OWCのある支持者には1人の息子があり、その息子は米軍の通訳として働いていて拘束された。彼女は、拘留者の一団が釈放された時、アブグレイブの門で待っていた。拘留者の1人は、「申し訳ないが、彼のことは知らない」と言ったが、「監獄の中では、大変恐ろしいことが行われている」と告げて彼女を驚かせた。「数日前に」と彼は付け加えた。「米軍は男性たちのテントの前に裸の女性を連れてきた。それから米軍はテントの1つに彼女を放り込んだ。拘留者の1人が毛布を投げて彼女に掛けてやった。」

イラク人たちは、おそらくアブグレイブの女性拘留者によって書かれたと思われる手紙を読んだ。OWCは、米国の女性組織に対してこの手紙のコピーをEメールで送った。手紙は、勇敢で誠実なイラク人はアブグレイブ監獄を爆破することで、自らの名誉を清めるべきであると要求していた。なぜなら恥ずべき事態が内部で続いており、そこにいる女性拘留者は様々な方法で性的虐待を受け続けているからである、と。ノア(Noor)と呼ばれる女性が、手紙に署名していた。
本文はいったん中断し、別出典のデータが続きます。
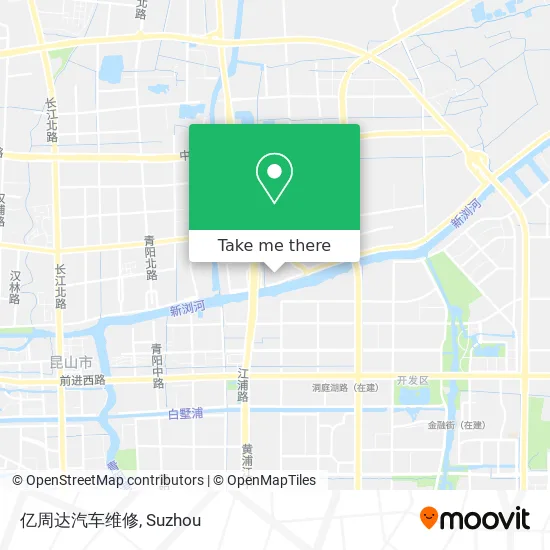 亿周达汽车维修 map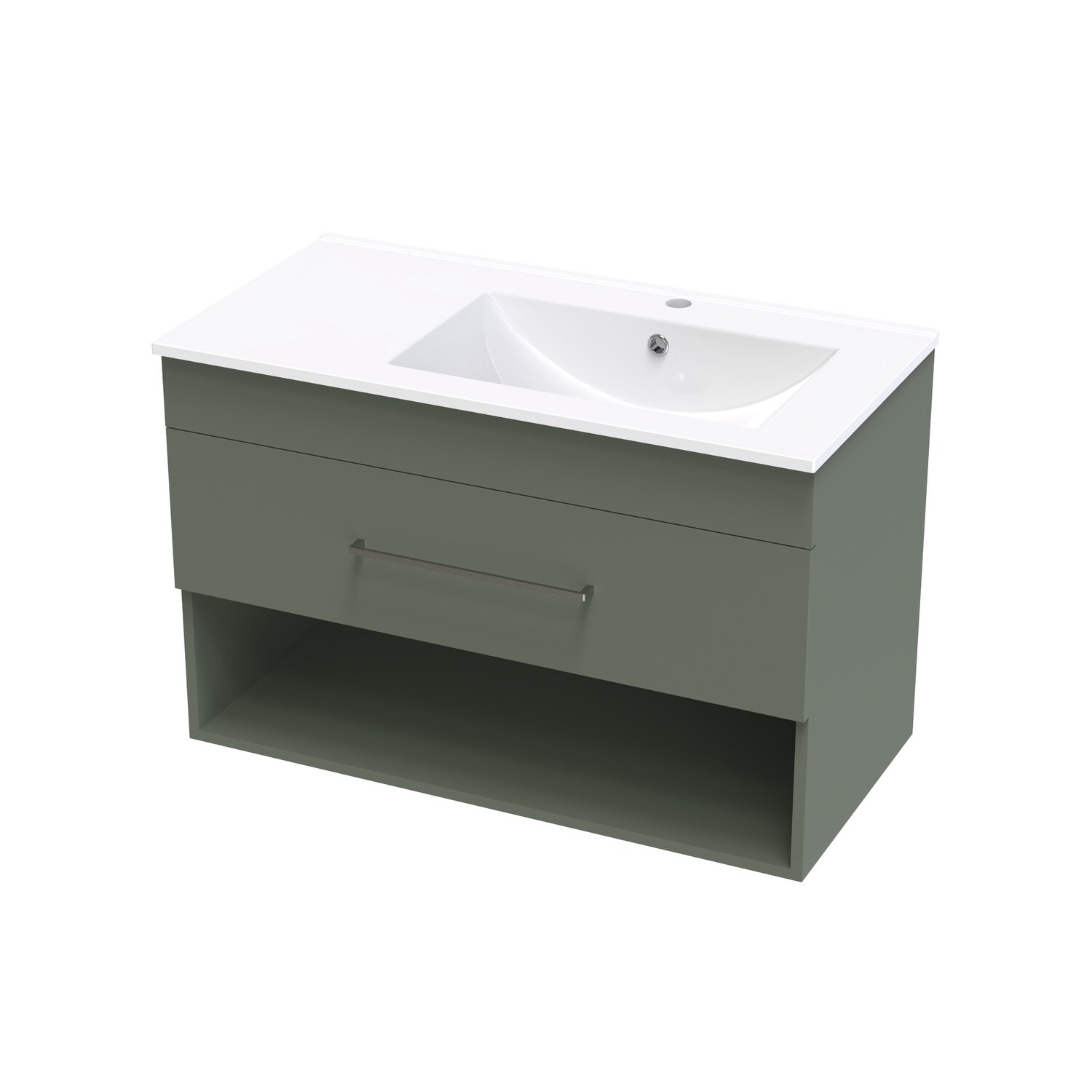 Cashmere Valley 900 Right Hand Bowl Drawer Open Colour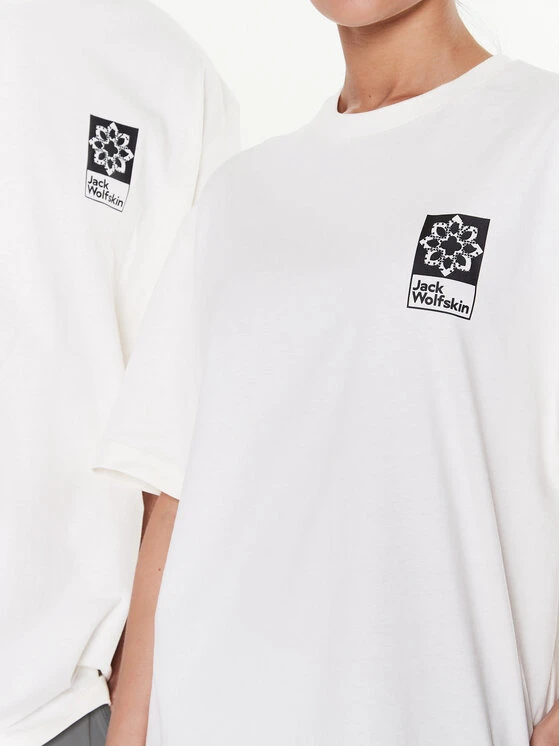 Jack Wolfskin T-Shirt Unisex Eschenheimer Back 1809081 Beige Regular Fit 7 Jack Wolfskin T-Shirt Unisex Eschenheimer Back 1809081 Beige Regular Fit – Bild 5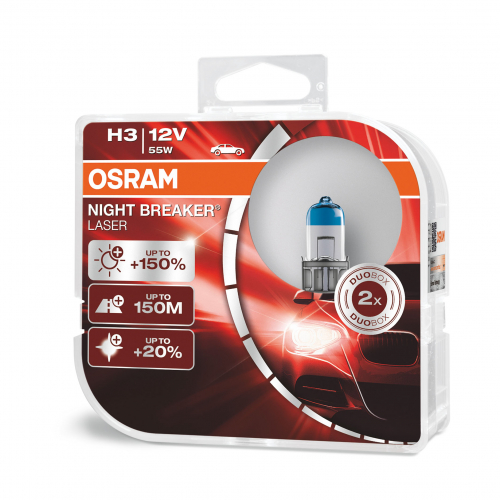 Osram Night Breaker Laser +150% H3 PK22s 12V 55W 2ks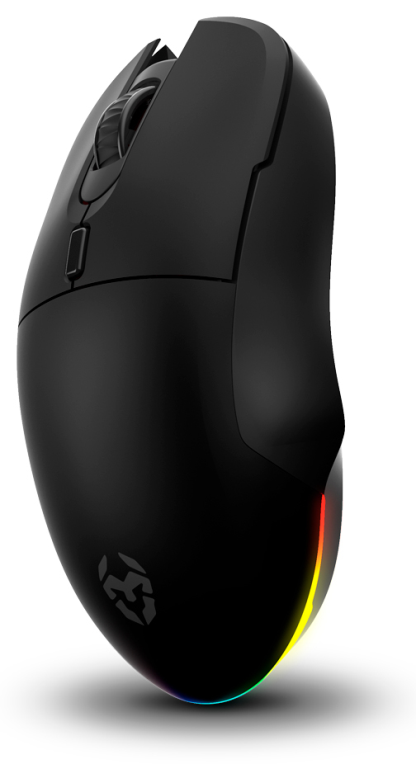 RATON KROM KOMET GAMING RGB WIRELESS NEGRO - detalle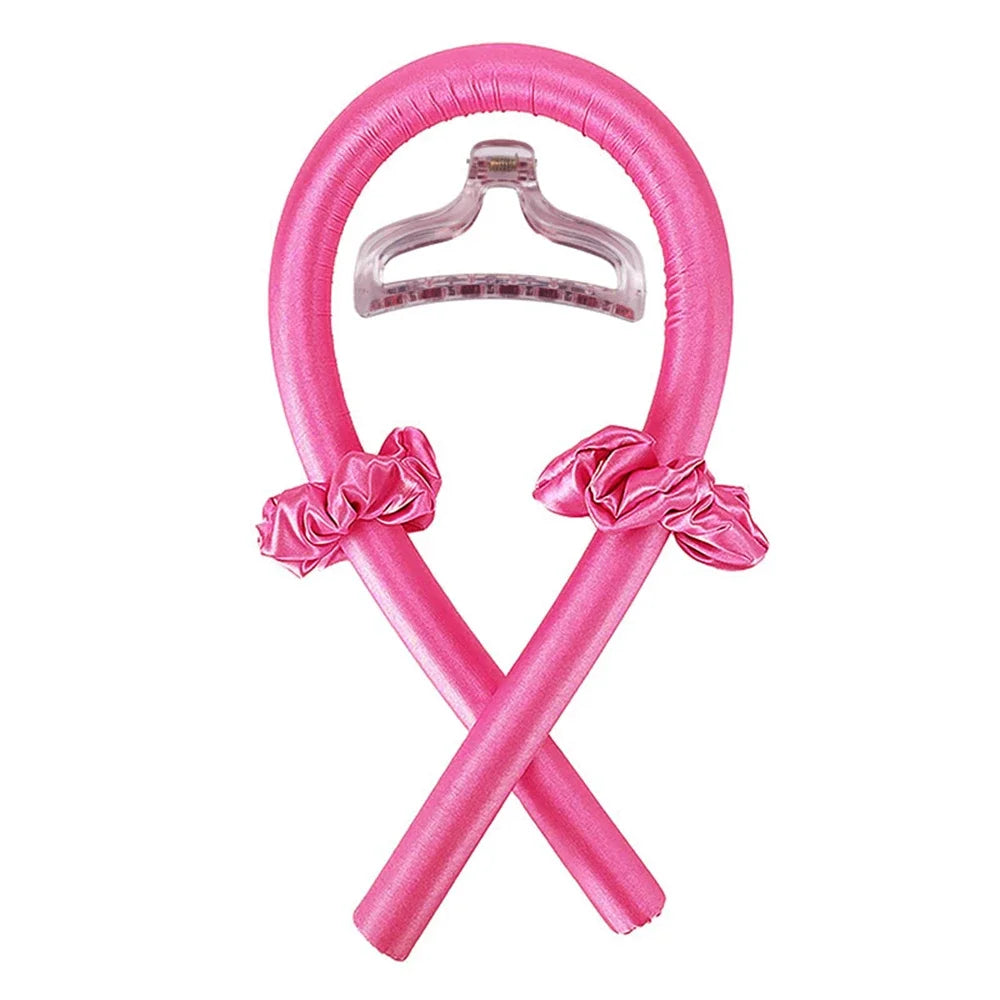 No Heat Silk Curls Ribbon Hair Rollers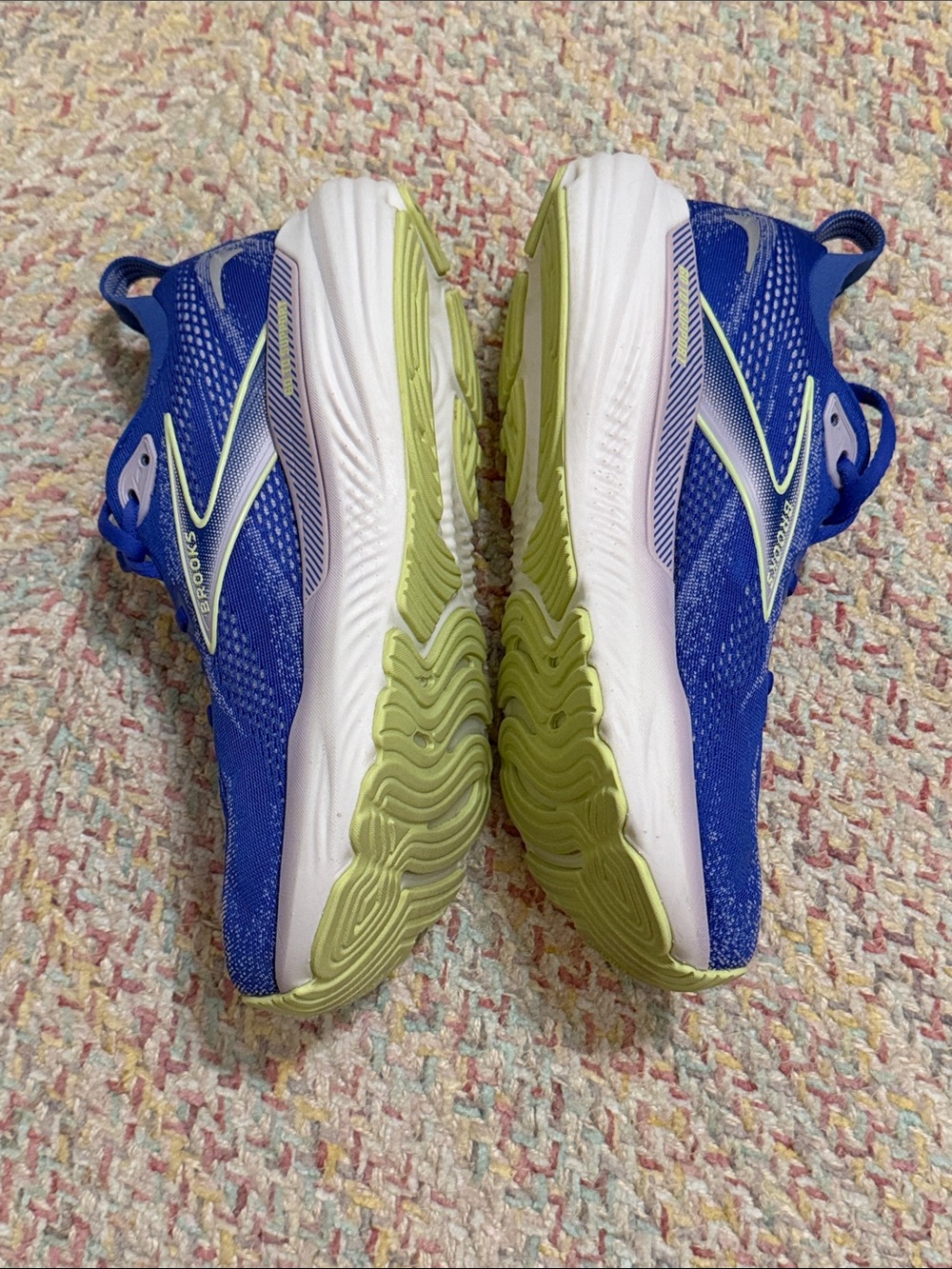 Brooks Women’s Glycerin GTS 22 Running Shoes in Royal Blue with Lime 🍋🟩 Green - Picture 2 of 15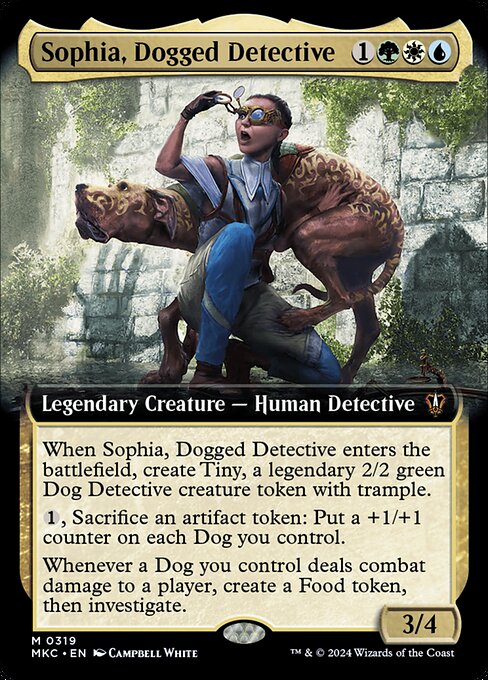 Sophia, Dogged Detective - Foil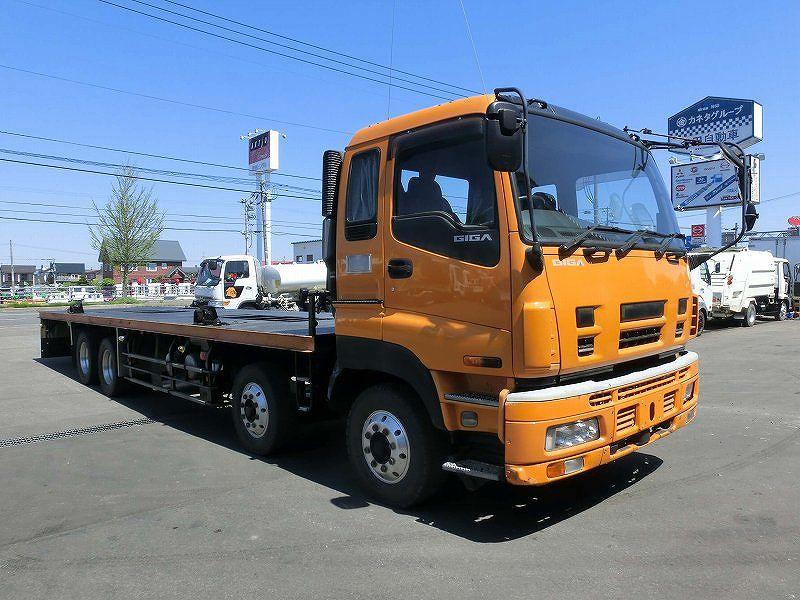 いすゞ ギガ 平ボディ コンテナ積 Pkg Cyj77w8 B 中古トラック販売のカネタグループ
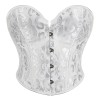 Plus Size S-6XL Sexy Strapless Tube Tops Women Overbust Jacquard Bustiers Waist Corset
この手紙は不審な反応を引き起こした。多くの者は、これは偽物だ、イラクの人々を焚き付けようとしていると述べた。しかし、女性拘留者への性的虐待について多くのことが語られていた。最近釈放された男性拘留者Fは、匿名を条件に女性拘留者に関する情報を話すことに同意した。女性の虐待についてFが我々に語った話は、二重の虐待の典型である。彼は次のように語った。「トラックが通り過ぎた時、私たちはテントの外に出て暖かい日の下で座っていた。トラックには3人の女性がいた。1人の仲間が、頭を垂れてテントに戻ってきた。私は彼に、女性拘留者を見るなんて、悲しいことだと話した。彼は、今見た女性たちが母親と妹であることを告げた。彼は、3人目を確認することはできなかった。」

Fは、破れた衣服で、ほとんど裸のような30歳代の女性を米軍兵士が連れて行くのを目撃したことを思い出す。彼女が体の見えている部分を隠そうとしていた手は縛られていた。1人の拘留者が彼の衣服を脱ぎ、女性に投げた。「私たちはひどく誇りを傷つけられた気持ちだった。あるいは彼女が受けた以上に。私たちには、頭を垂れることしかできないのだから。」

「私のテントの中には、35歳ぐらいの若者がいた」とFは語る。「彼は礼儀正しく、ハンサムで、宗教心も厚かった。ある日、奴らが彼を尋問のために呼び寄せた。彼は何日も現れなかった。戻ってきたときには、別人になっていた。彼が私たちに言うには、ある米軍の女性兵士が彼が彼女の曰くハンサムであることに気が付き、彼に男を求めた。彼女は自分の衣服を脱ぎ、彼と寝ようとした。彼は拒否した。彼女は彼を目隠しし、彼の敏感な部分から裸にし、どこかに連れて行った。彼女は彼をどこかに連れ回した。彼女は彼を50メートルほど引いて歩き、彼の目隠しを外した。彼は、多くの女性拘留者が同じように裸のままにされている女性用監獄の真ん中にいることに気づいた。彼は、うなだれている高齢の女性を見た。女性兵士は彼に、この場所にはカメラが設置されていることを告げた。彼はこの状況に、17日間も放置された。」

拘留者Fは、イラクを離れるすべての米兵たちが、私たちに屈辱をあたえにやってきた証拠であるビデオや写真を持っていないか検査されるべきだと要求した。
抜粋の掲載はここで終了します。